Development of the pulmonary acinus in fetal rat lung: a study based on an antiserum recognizing surfactant-associated proteins

Development of the pulmonary acinus in fetal rat lung: a study based on an antiserum recognizing surfactant-associated proteins

C J Otto-Verberne et al. Anat Embryol (Berl). 1987.

Abstract

In this study on the development of the pulmonary acinus in fetal rat lung use was made of an antiserum, rabbit anti-mouse, that recognizes the type II alveolar epithelial cell or its precursor (a cuboidal cell lacking multilamellar bodies) by the presence of a cell-specific antigen.
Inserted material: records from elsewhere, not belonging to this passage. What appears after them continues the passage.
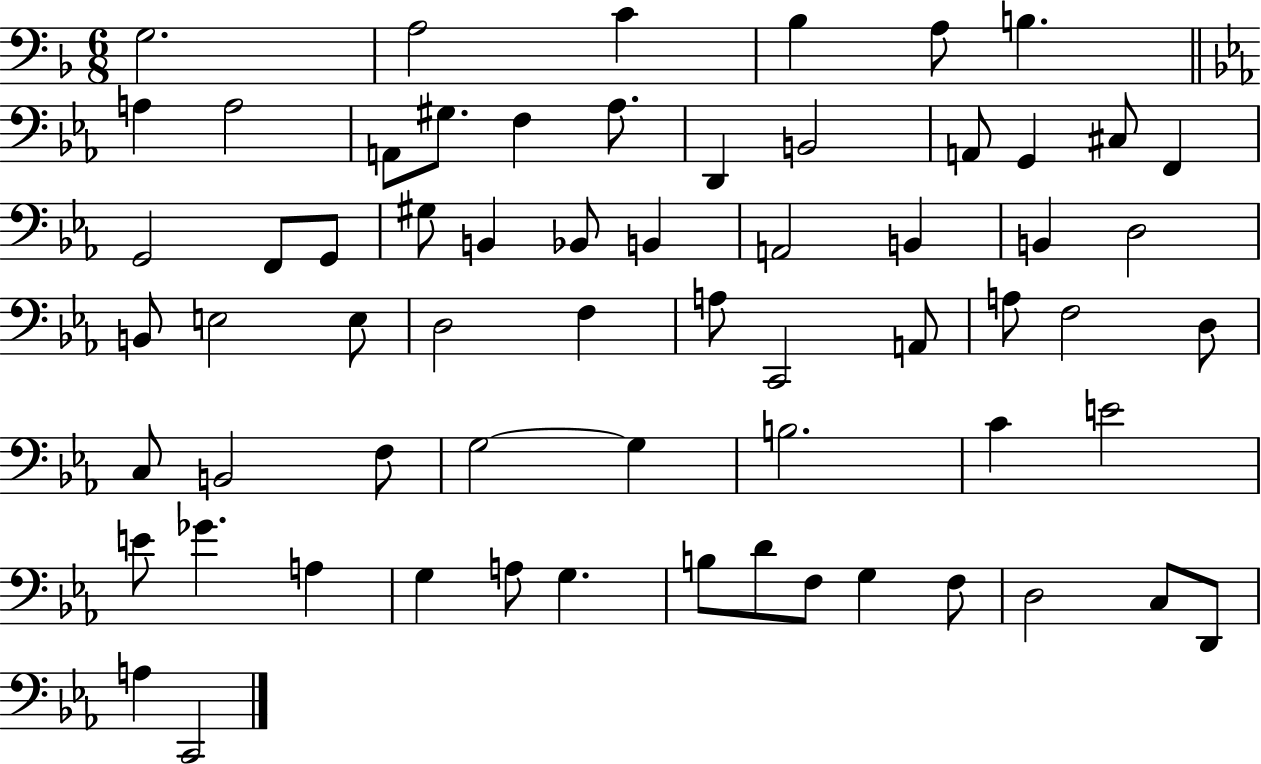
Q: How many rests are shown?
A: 0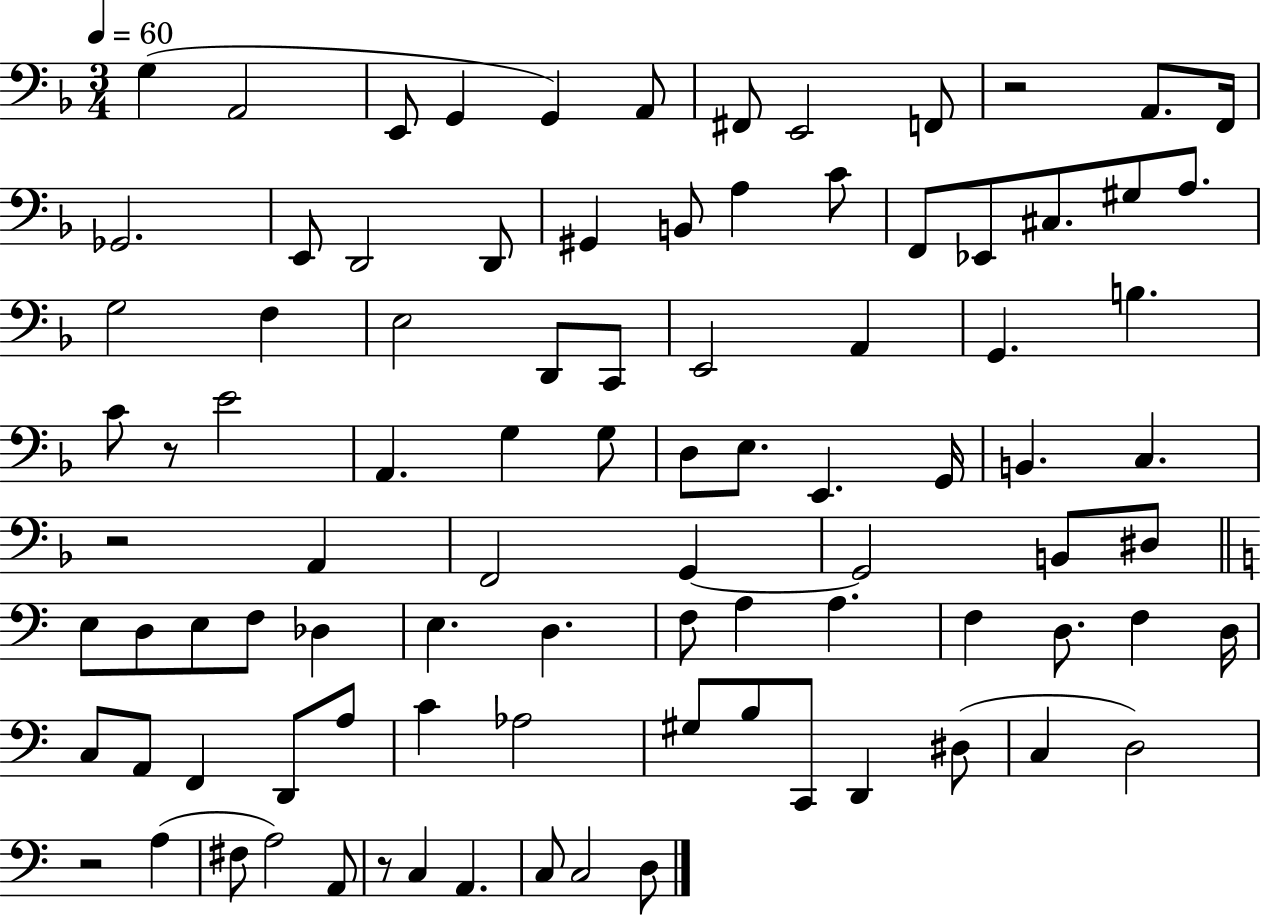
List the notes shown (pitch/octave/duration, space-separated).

G3/q A2/h E2/e G2/q G2/q A2/e F#2/e E2/h F2/e R/h A2/e. F2/s Gb2/h. E2/e D2/h D2/e G#2/q B2/e A3/q C4/e F2/e Eb2/e C#3/e. G#3/e A3/e. G3/h F3/q E3/h D2/e C2/e E2/h A2/q G2/q. B3/q. C4/e R/e E4/h A2/q. G3/q G3/e D3/e E3/e. E2/q. G2/s B2/q. C3/q. R/h A2/q F2/h G2/q G2/h B2/e D#3/e E3/e D3/e E3/e F3/e Db3/q E3/q. D3/q. F3/e A3/q A3/q. F3/q D3/e. F3/q D3/s C3/e A2/e F2/q D2/e A3/e C4/q Ab3/h G#3/e B3/e C2/e D2/q D#3/e C3/q D3/h R/h A3/q F#3/e A3/h A2/e R/e C3/q A2/q. C3/e C3/h D3/e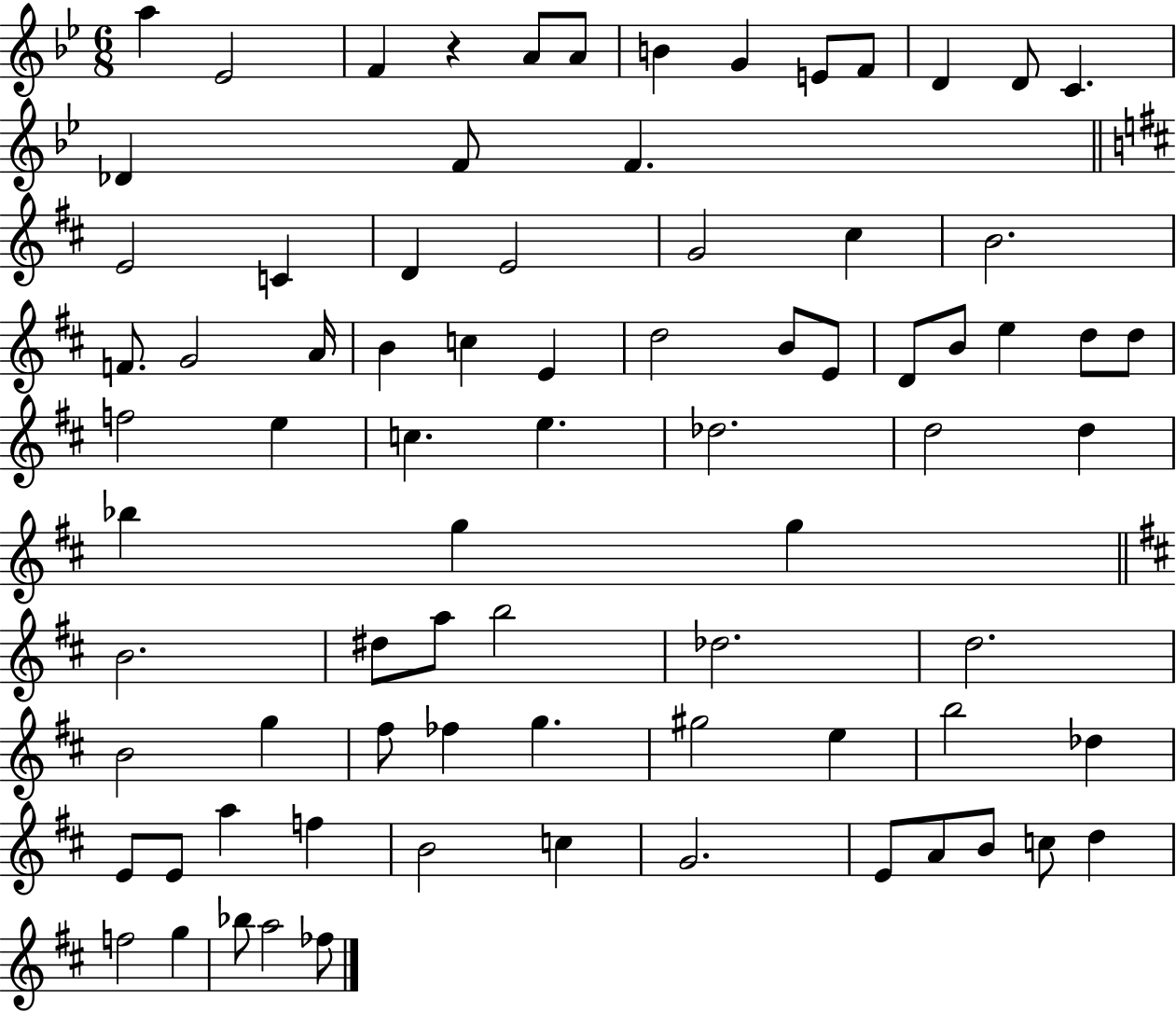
{
  \clef treble
  \numericTimeSignature
  \time 6/8
  \key bes \major
  a''4 ees'2 | f'4 r4 a'8 a'8 | b'4 g'4 e'8 f'8 | d'4 d'8 c'4. | \break des'4 f'8 f'4. | \bar "||" \break \key b \minor e'2 c'4 | d'4 e'2 | g'2 cis''4 | b'2. | \break f'8. g'2 a'16 | b'4 c''4 e'4 | d''2 b'8 e'8 | d'8 b'8 e''4 d''8 d''8 | \break f''2 e''4 | c''4. e''4. | des''2. | d''2 d''4 | \break bes''4 g''4 g''4 | \bar "||" \break \key b \minor b'2. | dis''8 a''8 b''2 | des''2. | d''2. | \break b'2 g''4 | fis''8 fes''4 g''4. | gis''2 e''4 | b''2 des''4 | \break e'8 e'8 a''4 f''4 | b'2 c''4 | g'2. | e'8 a'8 b'8 c''8 d''4 | \break f''2 g''4 | bes''8 a''2 fes''8 | \bar "|."
}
This serum had already been used in studies on mouse-lung development in our laboratory. Immunoblotting experiments showed that this serum reacts with surfactant-associated proteins in the pellet fraction of rat-lung lavage fluid having molecular weights of about 26,000, 32,000, and 38,000 daltons. In adult and fetal rat-lung homogenates the antiserum reacts with proteins with apparent molecular weights of about 40,000 and 42,000 daltons, probably also surfactant-associated proteins. No reaction with serum proteins was seen. Use of this antiserum in immuno-incubations of frozen sections of lungs of 15- to 21-day-old rat embryos showed that the type II epithelial cell or its precursor first appears on day 16 in embryos weighing 349-398 mg. Our results indicate that in the rat - as in the mouse - the bronchial and respiratory portions develop from morphologically and immunologically different parts of the tubular system in the fetal lung. The basic structure in the genesis of the pulmonary acinus is a tubule, called the acinar tubule, which is lined by the type II epithelial cell or its precursor.